I like PBT myself, though I think that it really only works given certain ontologies. "Perfection" needs to viewed as "completeness," rather than "whatever stuff I happen to like," in order to make sense in metaphysics. Otherwise, we just argue back and forth over whether we like a God who suffers, or is impassible; an immutable God, or a constantly changing (though perhaps constant) God-in-act.

Yandell himself pretty much limits natural theology to proofs of God's existence (or at least for believing that it is rational to hold that God exists), and providing logically coherent (though usually non-explanatory) accounts for doctrines such as the Trinity and Incarnation. When it comes to filling out the doctrines, he pretty much sticks to Biblical scholarship; for my class on philosophical theism, for instance, he assigned a book by Richard Bauckham (God Crucified) on New Testament exegesis concerning what it means for Jesus to be God (good book, btw). He then proceeded to say that that was how theology ought to be done.

S. Coulter said...

I think I agree with you about completeness. Although I am not entirely sure that it makes as much difference in practice as I am inclined to think at first. I haven't sat down to do any PBT myself, so I don't know. The closest I've gotten recently is skimming Katherin Rogers' book-and I focused mainly on her chapter on goodness.

It sounds like I would probably agree with Yandell in practice. Although I wonder...how much room is there in proving God's existence for talking about God's nature? You have to have a conception of God that you are asserting to exist. Not every property of God must be accessible to natural reason. But some essential properties must be, or we wouldn't know that it was God we had shown to exist.

Unless, I suppose, you do natural theology after revealed theology (which I guess most of us should). In which case you might limit natural theology to justifying our epistemic permission to accept the revelation we have, and the coherence of doctrines of God's attributes as revealed.

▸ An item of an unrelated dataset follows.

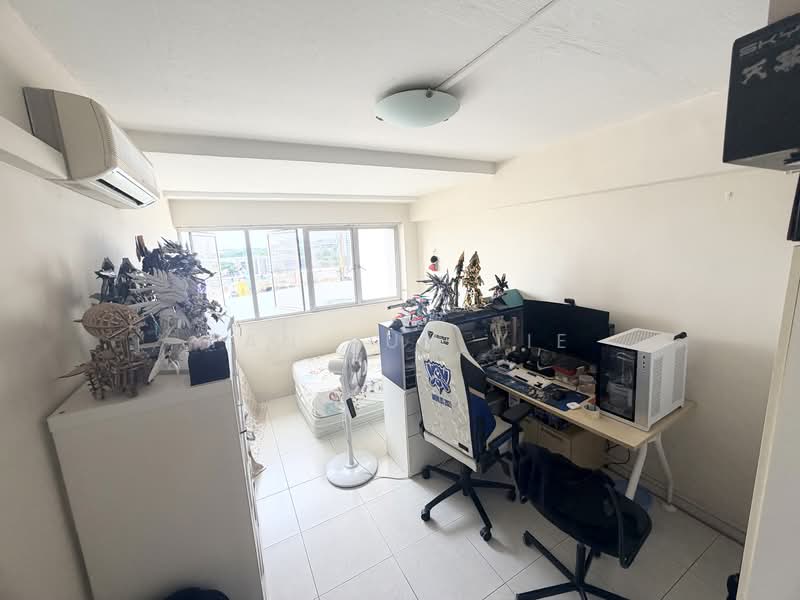 621 Bedok Reservoir Road, 621 Bedok Reservoir Road, 3 Bedrooms, 1,302 sqft, HDB Flat For Sale, by Tan Jun Jie, 500116384 - Bedroom 2 - PropertyGuru.com.sg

If you're going to have a class called philosophical theism, why would you end up studying exegetical theology?

M. Anderson said...

Well, Yandell isn't against natural theology per se. He actually gets somewhat miffed with those theologians who dismiss it out of hand. He simply thinks that it is of limited value, and doesn't like the Greek influence which has played a role historically.

As for why we were using an exegetical book in a philosophical class, I think it was mainly due to metaphilosophical reasons. First, how should we go about talking about God? and Second, do we actually need a whole lot of metaphysical machinery to do the job? Also, all of us students like putting together theology and philosophy, and Yandell enjoys the chance to meet with a class that actually believes that God exists (he comes down from U. of Wisconsin-Madison), so this together with his laid-back attitude toward the material which has to be covered in any given class leads to some interesting tie-ins.